### About this task
Each line from the one holding "Dacia Sandero Buton" through the end of the records should be returned exactly, while pictures are skipped.

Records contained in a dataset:
───

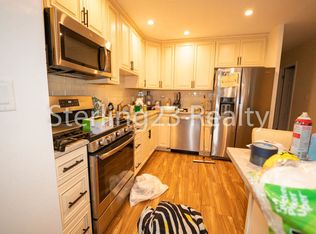 24-54 38th St #3A, Astoria, NY 11103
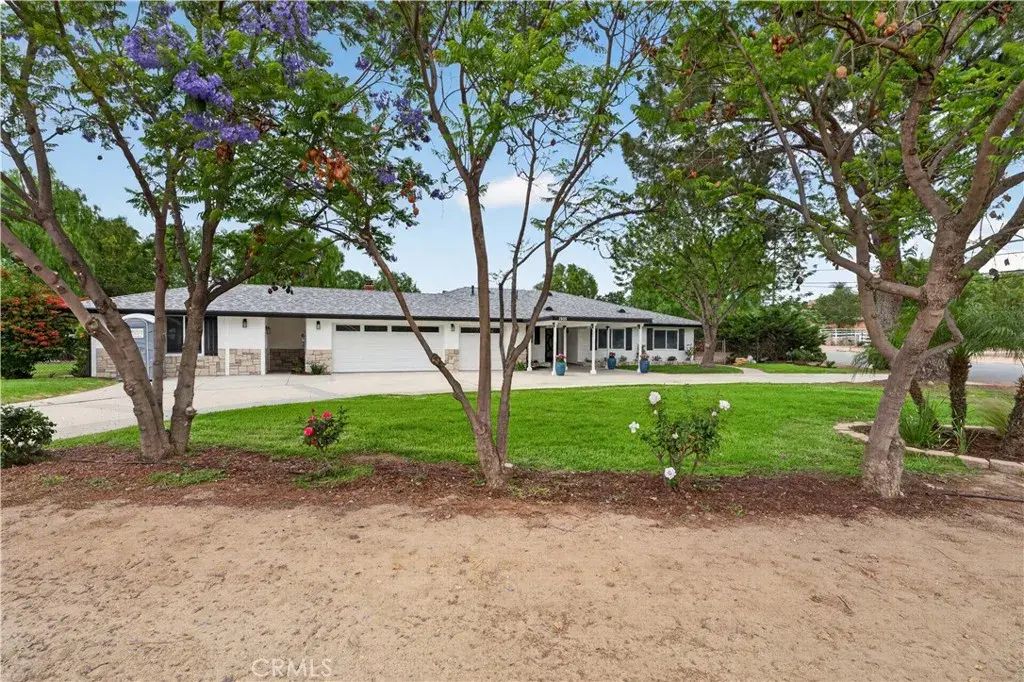 1505 Corona, Norco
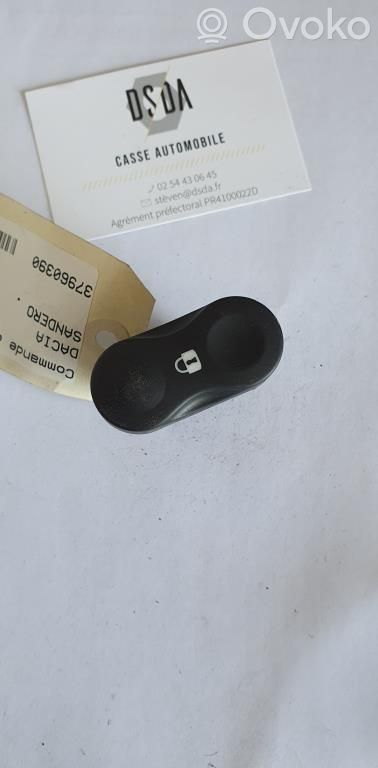 Dacia Sandero Buton comutator închidere centralizată 
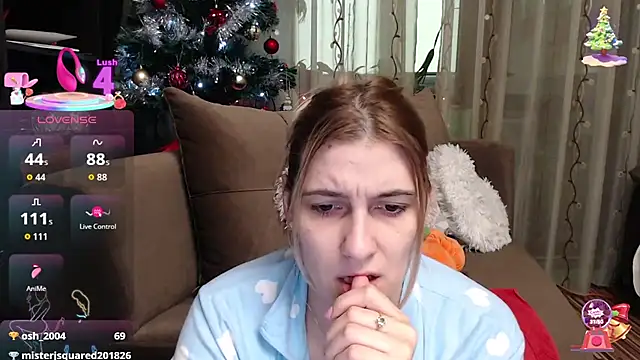 lovingfeetheels live sex cam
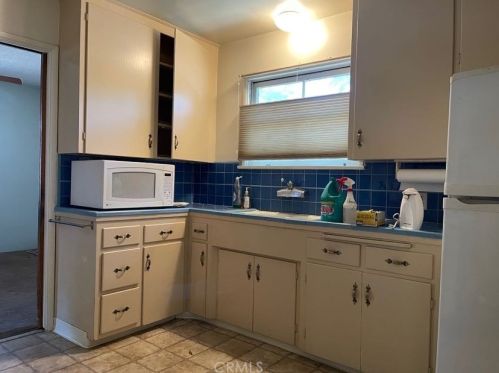 3640 Columbia Ave, Riverside CA  92501-1620 exterior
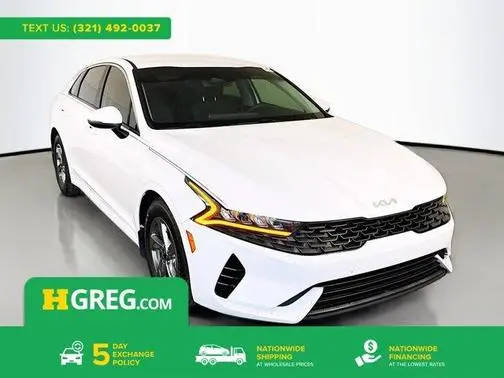 2022 Kia K5 LXS FWD photo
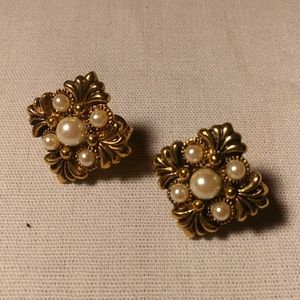 Avon CLIP Earrings Gold Tone w/Pearls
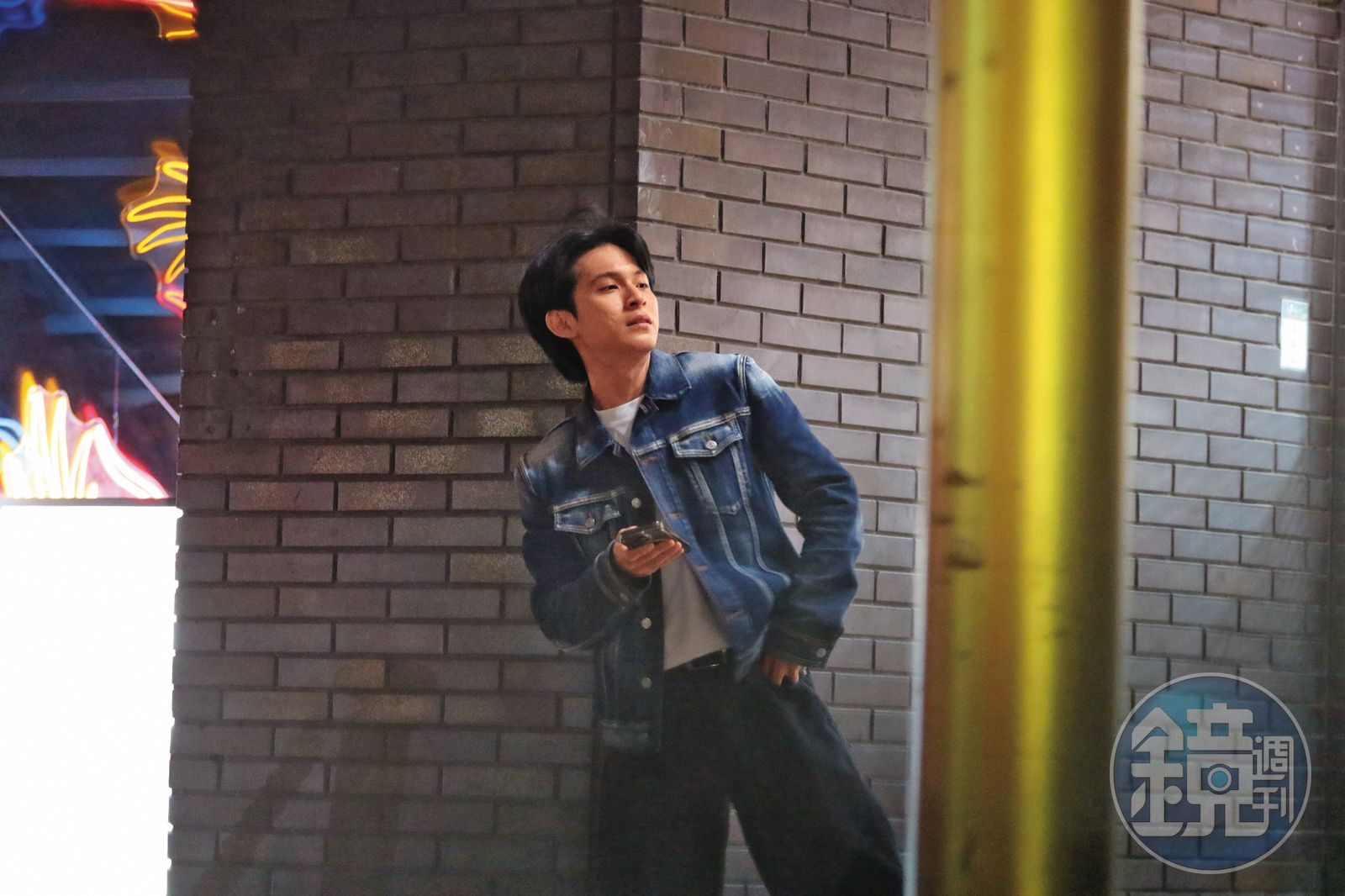  林晖闵在杀青宴上表现热情，不停与人聊天，并上下楼奔波送客。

───

### Solved problem
 Dacia Sandero Buton comutator închidere centralizată 
 lovingfeetheels live sex cam
 3640 Columbia Ave, Riverside CA  92501-1620 exterior
 2022 Kia K5 LXS FWD photo
 Avon CLIP Earrings Gold Tone w/Pearls
  林晖闵在杀青宴上表现热情，不停与人聊天，并上下楼奔波送客。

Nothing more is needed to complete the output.